• [Stored data]:
──────────────────────────────

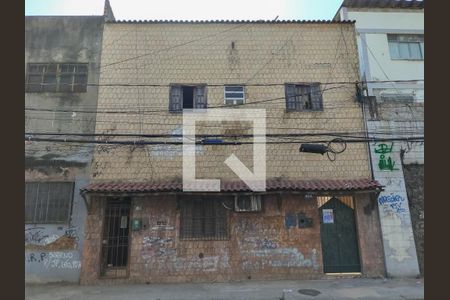 Casa para alugar com 100m², 2 quartos e sem vagaFachada do condomínio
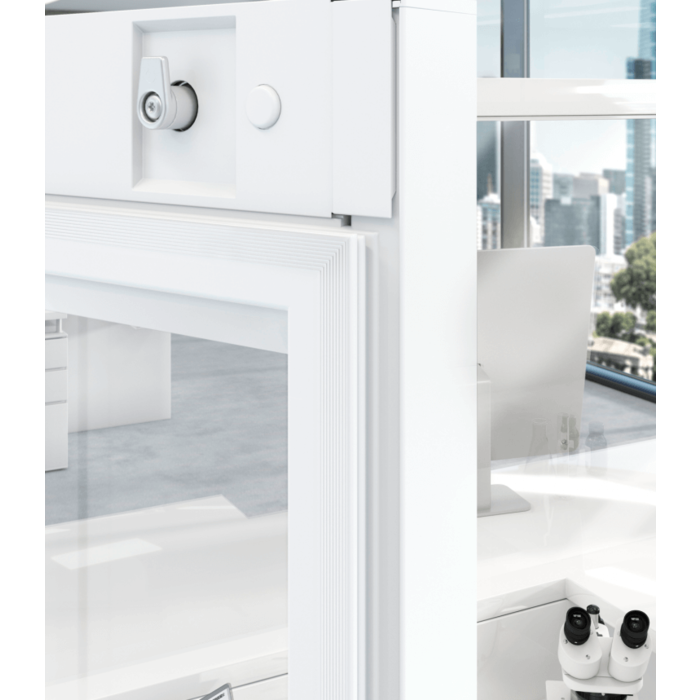 Liebherr SRFvg 3511 Basismodel medicijnkoelkast  met glasdeur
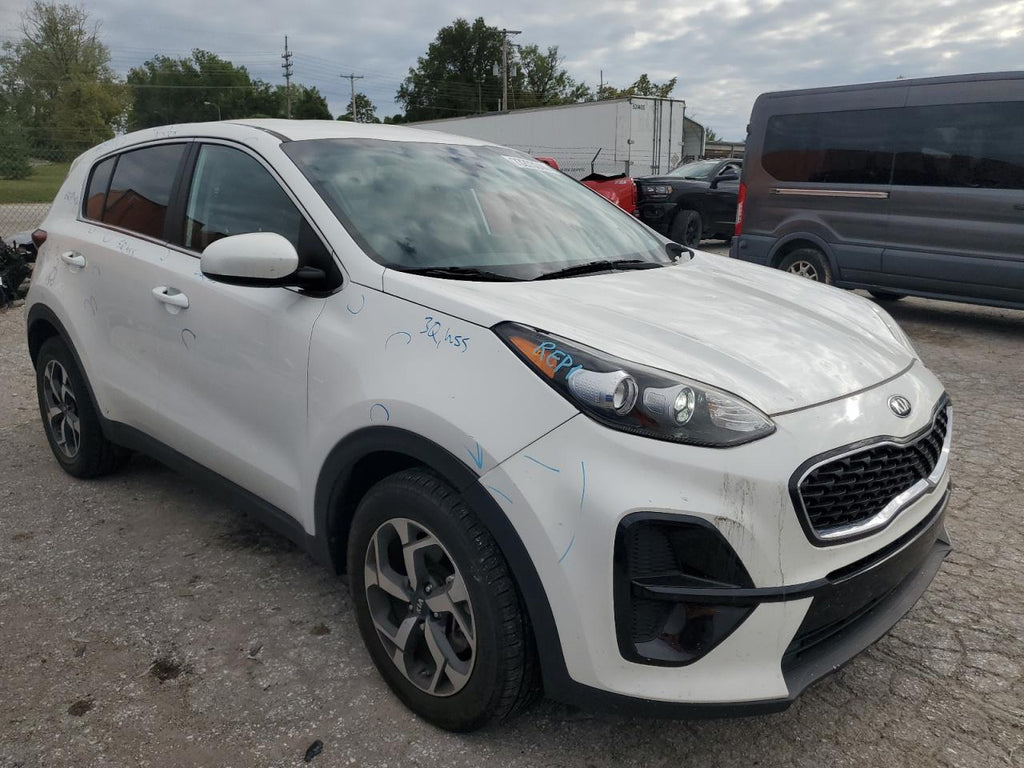 2021 KIA SPORTAGE L - KNDPM3AC0M7930510
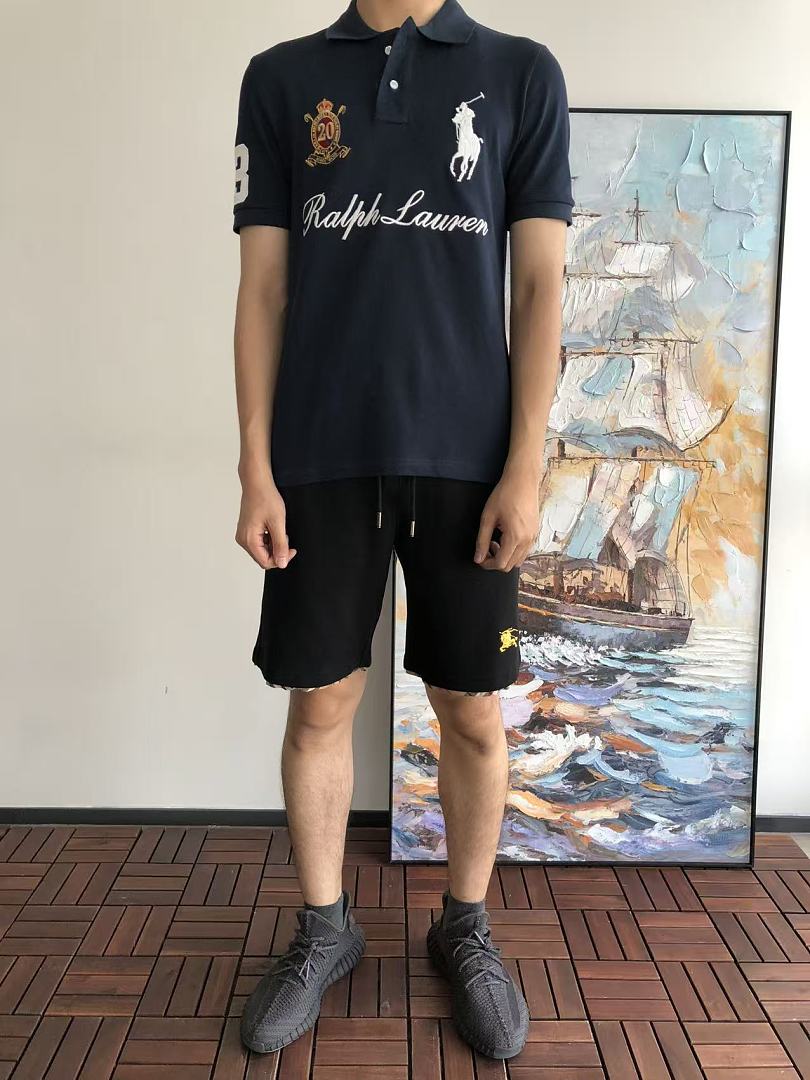 Other 159 RA🔥PH🔥AU🔥EN T-SHIRT POLO 88051414 (Im 185CM 70KG Iwear Size S In The Photo) - Image 3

──────────────────────────────

• [Exercise instructions]:
Produce a verbatim copy of the listing, leaving out all pictures.

• [Output for this task]:
 Casa para alugar com 100m², 2 quartos e sem vagaFachada do condomínio
 Liebherr SRFvg 3511 Basismodel medicijnkoelkast  met glasdeur
 2021 KIA SPORTAGE L - KNDPM3AC0M7930510
 Other 159 RA🔥PH🔥AU🔥EN T-SHIRT POLO 88051414 (Im 185CM 70KG Iwear Size S In The Photo) - Image 3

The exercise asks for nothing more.